Символика образа тени у Аполлинера имеет самую широкую амплитуду — тень прошлого и тень любви, тень человека и тень Бога; история тени в интерпретации Аполлинера — это и традиция «темного текста» от «Пимандра» Гермеса Трисмегиста, автора тайных книг, полных мистики и суеверий, до «Химер» Жерара де Нерваля и «Озарений» Артюра Рембо, до отдельных мотивов Жюля Лафорга — поэта, сыгравшего немалую роль в становлении поэтики Аполлинера.

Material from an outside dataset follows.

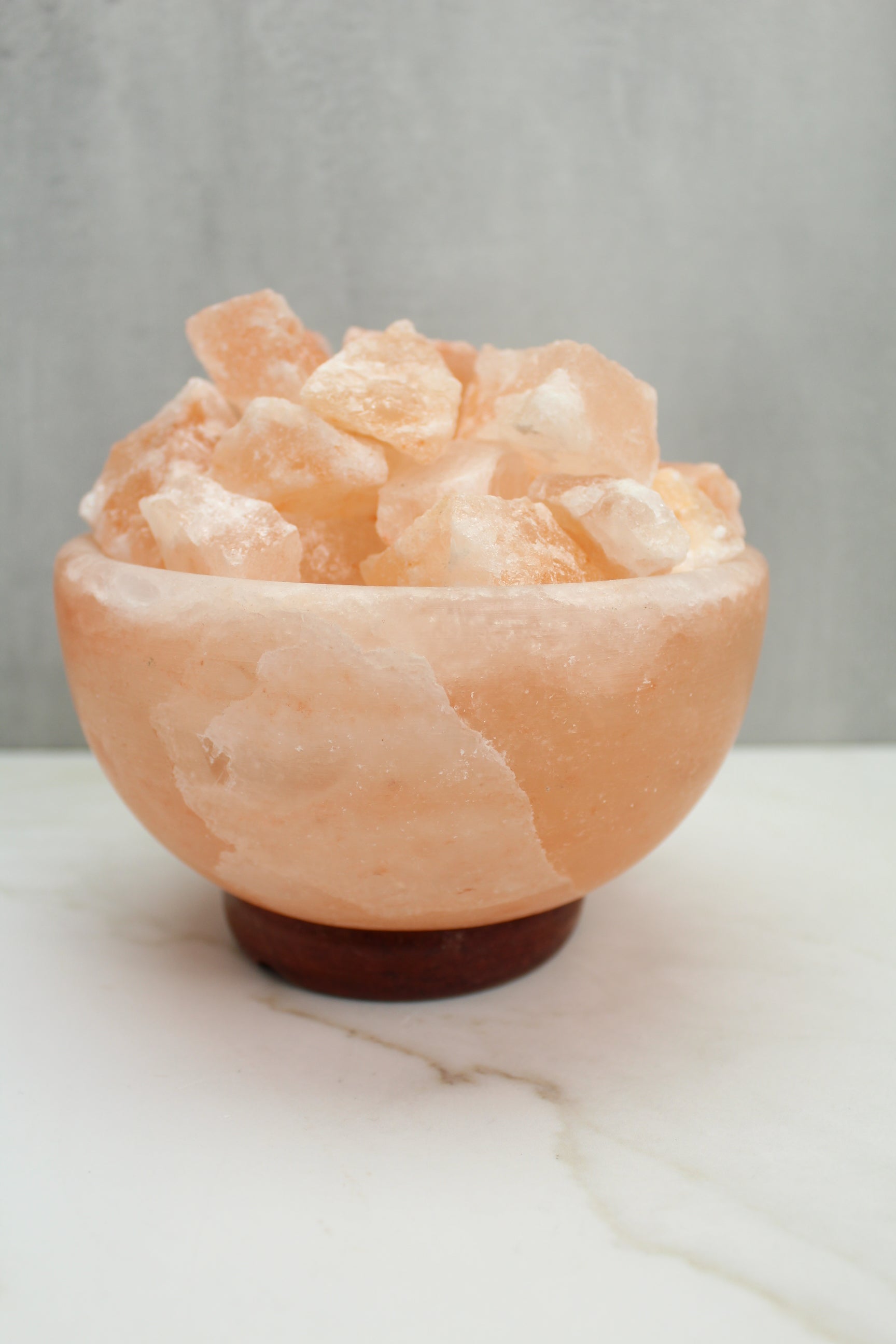 Himalaya saltlampe med saltstykker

Написанная им самим в 1908 году «Онирокритика» (согласно Ларуссу — «искусство интерпретации слов»), вошедшая затем как последняя главка в «Гниющего чародея», предмет его тайной гордости, может считаться образцом такого иррационального текста — недаром он был высоко оценен сюрреалистами. «Некоторые поэты имеют право оставаться необъяснимыми, — писал он, — и, по правде сказать, те, что кажутся такими ясными, оказались бы не менее темны, если бы кто-то пожелал углубиться в подлинный смысл их стихотворений». Тема тени у Аполлинера в равной степени близка Максу Жакобу, сказавшему в стихотворении «Война»: «Уличные фонари отбрасывают на снег тень мой смерти», и другому его приятелю, Пьеру Мак-Орлану, позднее написавшему: «Тень женщины на углу интереснее, чем сама женщина, которая отбрасывает эту фантазию на опущенные шторы… Ибо тень молодой женщины бесконечно фантастичнее, чем сама молодая женщина».

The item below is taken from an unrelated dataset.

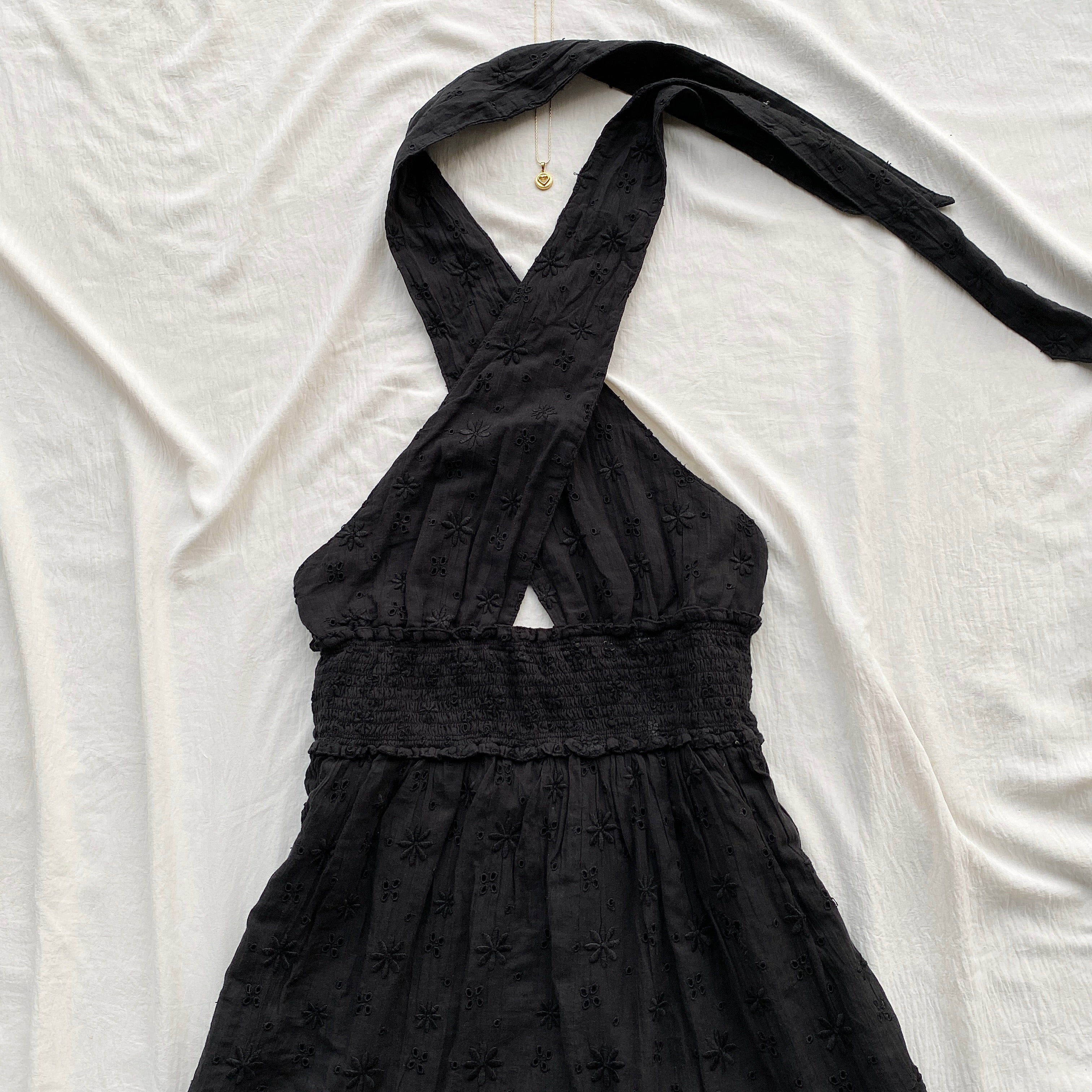 BLACK EYELET HALTER DRESS (Bust : 34-36, Upper Waist : 28-34)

17Запечатленная на бумаге, тень не исчезает. Может быть, поэтому Аполлинер так много, подробно и с таким вдохновением писал про своих современников и ушедших из жизни друзей: исчезновение их тени он допустить не мог.
Эссеистика Аполлинера — особая страница в его творчестве, равно как работа журналиста, хроникера, художественного и литературного критика. Работа эта была в основном связана с Парижем, то есть с литературно-филологической и художественной культурой города, обогащенной сопутствующими бытовыми реалиями и оригинальными человеческими судьбами. В этой среде выросли многочисленные заметки и хроники Аполлинера и прежде всего — замечательная его книга «Слоняясь по двум берегам».
Трудно определить ее жанр. Это и очерки, и беглые зарисовки, и мимолетные воспоминания, и краткие, но глубокие исследования. Вослед Бальзаку можно было бы назвать их очередной «физиологией» Парижа, вослед Бодлеру — очередными «философскими фантазиями». Однако мы можем вспомнить и романтического Гюго, и богемного Мюрже, и натуралистического Золя, и лирического Мопассана, и декадентствующего Гюисманса, и многих других, не менее примечательных бытописателей Парижа, чей опыт угадывается, а то и прослеживается в подтексте книги Гийома Аполлинера.
Отдавая должное всем, вспомним одного — Бодлера. Определяя замысел своих знаменитых стихотворений в прозе, «Парижского сплина», автор сделал существенное дополнение: «философские фантазии парижского праздношатающегося». То, как впоследствии французская традиция распорядилась этим удивительным жанром, свидетельствует: стихи в прозе оживали, обретали дыхание и своеобразие, как правило, именно тогда, когда в них самих оживал город, Париж, когда урбанизм превращался в поэтическую философию литературы. Выхваченные из городской толпы лица, из городской жизни — детали, из городского говора — слова становились главными элементами новой поэтики.